Геннадий Терентьевич отобрал у внука маузер.
– Наделаешь дырок в стенах – ветер свистеть будет. В лес пойдёшь, там и потренируешься. Так что, поговоришь со своими чекистами?
– Обязательно! – пообещал Афанасий, с чувством обнимая старика. – Ох и головастый ты мужик, дедуля! Сколько же на твоём веку изобретений?
– Кто их считал? С полсотни, наверное, наберётся.
– Я похлопочу, чтобы тебе орден дали как народному умельцу России.
– Да зачем он мне нужен, орден? – отмахнулся старик. – Не заради орденов дело делаю. Жаль только, что чиновник нынче совсем дурной пошёл, без мзды в ус не дунет. Я от их брата во как настрадался! – Геннадий Терентьевич чиркнул пальцем по горлу. – Один раз только нормального человека встретил, в администрации Костромы, да убили его вскорости. Ну, что, внучек, пошли пообедаем?
– В баньку бы сходить, попариться.
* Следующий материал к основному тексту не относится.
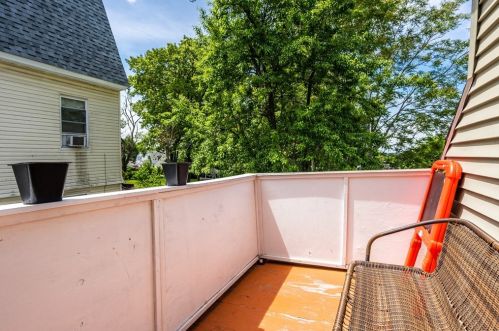 432 Howard St, Lawrence MA 01841-2306 exterior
У Вавиных банька ещё стоит?
– Стоит, Санька её усовершенствовал, газом топит, я к ним почти каждую субботу заглядываю.
Старик завернул маузер в газету, спрятал в тумбочку.
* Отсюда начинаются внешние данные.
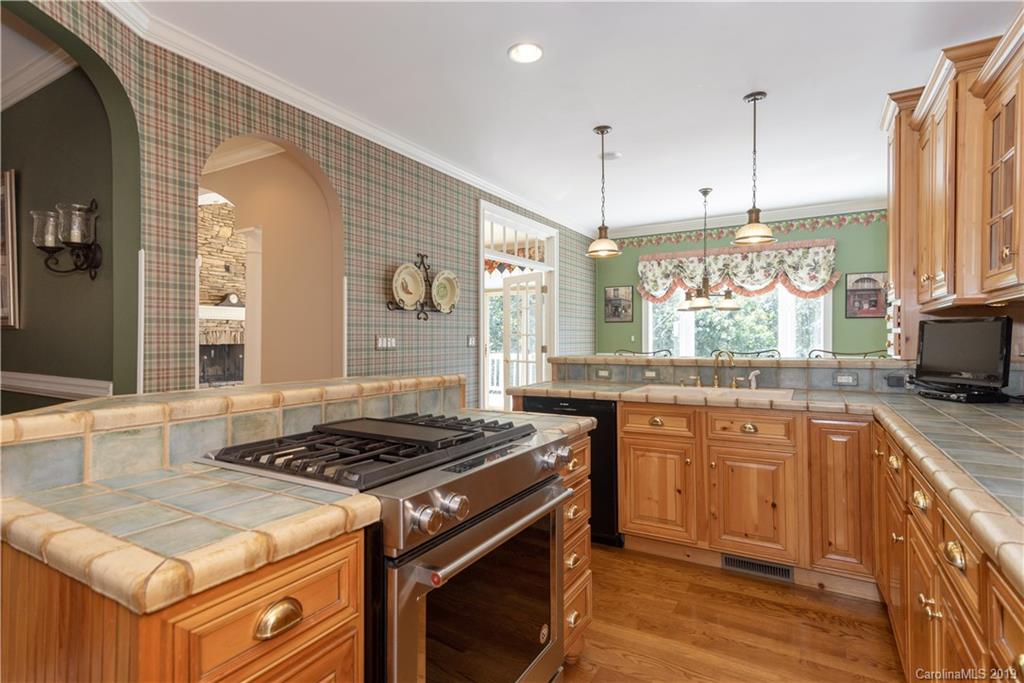4530 Cove Loop Road, Unit 35 Hendersonville, NC 28739 - Photo 9 of 27 Gallery Image 9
Вышли из сарая, Афанасий занёс свою сумку в горницу, огляделся, припоминая детали обстановки, ни капли не изменившейся с момента его последнего визита, всей грудью вдохнул воздух, полный запахов детства, и пробормотал:
– Дома я!
Обедали на веранде.
Геннадий Терентьевич ожил, разговорился, обрадованный встречей с внуком, Афанасий слушал, неторопливо хлебая овощной суп, и задавал вопросы. Больше всего его интересовала судьба бывших школьных и уличных приятелей, с которыми он провёл самые лучшие детские годы.
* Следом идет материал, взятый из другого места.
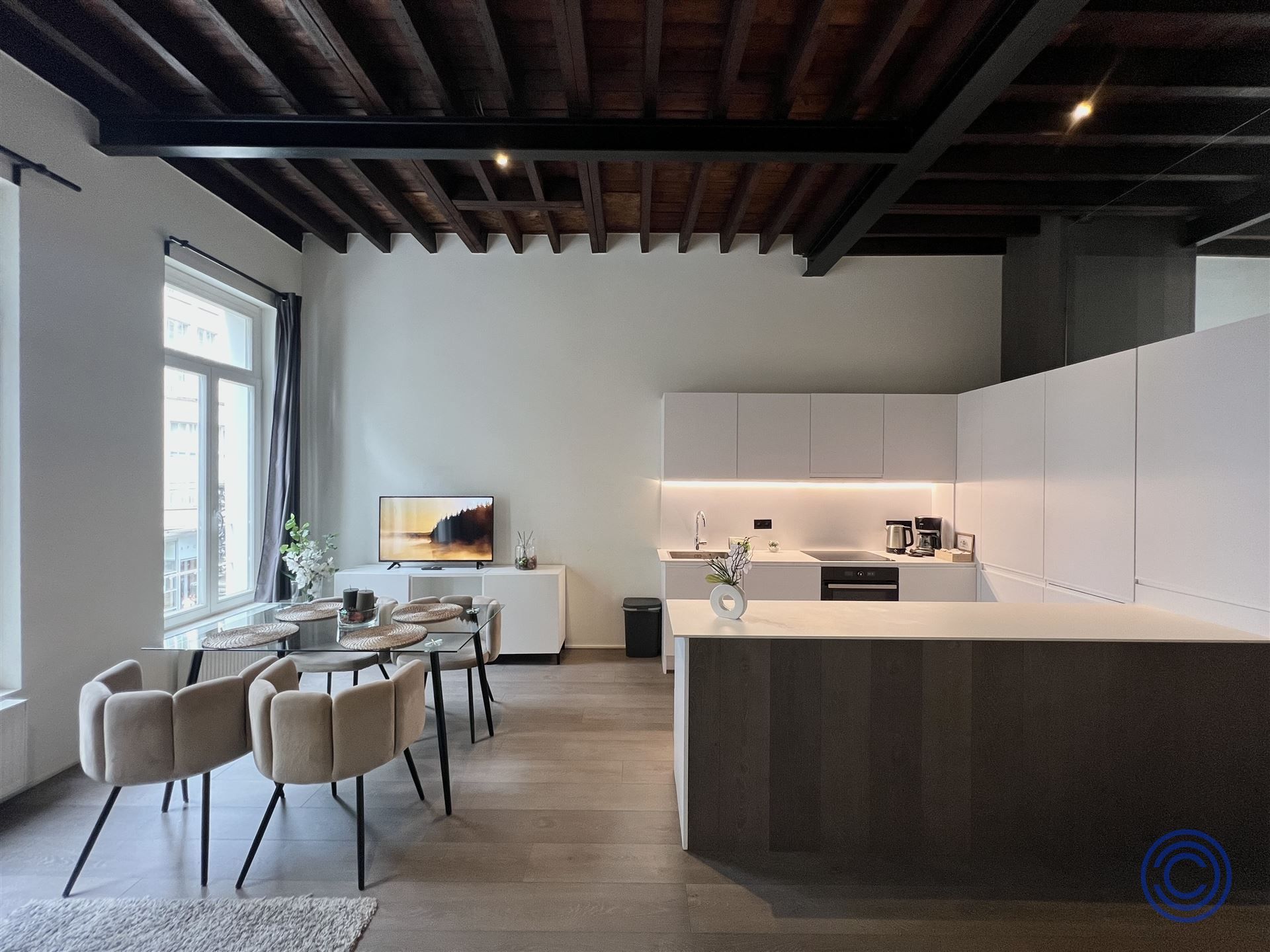 Stijlvol appartement in hartje Antwerpen! foto 2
– Петро Лившиц здесь? Я его после школы не видел ни разу.
– Петро, по слухам, важный деятель, в Министерстве образования в Москве окопался.
– Это на него похоже, замашки у лопоухого были отцовские – везде командовать парадом, он лучше всех историю знал. А Вовка Зыс?
– Приезжал как-то, директор завода в Нижнем Тагиле.
– Ух ты, молодец, добился своего. Помню, он ещё в пятом классе рвался отечественное производство поднимать. А Олежка Щедрин где, не знаешь? Сколько мы с ним чижей по огородам похоронили! Я проехал мимо его дома, никого не увидел, думаю вечерком зайти. Валик Баранов?
– Умер.
– Да ты что? Он же здоровый был бугай.
– У них мор на всю семью пошёл, все перемёрли.
– А Олег?
– Олег приезжает часто, в отличие от тебя, ко мне заглядывал, про тебя спрашивал. Он МИФИ окончил, где-то в метеорологах вроде бы подвизается, а где – не помню. По-моему, где-то в Подмосковье. Хороший парнишка, вежливый, уважительный. Батя его тоже ко мне захаживает, учительствует в нашей средней школе, географию преподаёт.
– Он и тогда географию преподавал, когда нас в белый свет выпускали. – Афанасий помрачнел. – Вместе с отцом.
Геннадий Терентьевич молча встал, ушёл в дом и вернулся с графинчиком, на дне которого плескалась прозрачная жидкость, и двумя стаканчиками.
– Давай по глоточку, помянем родимых.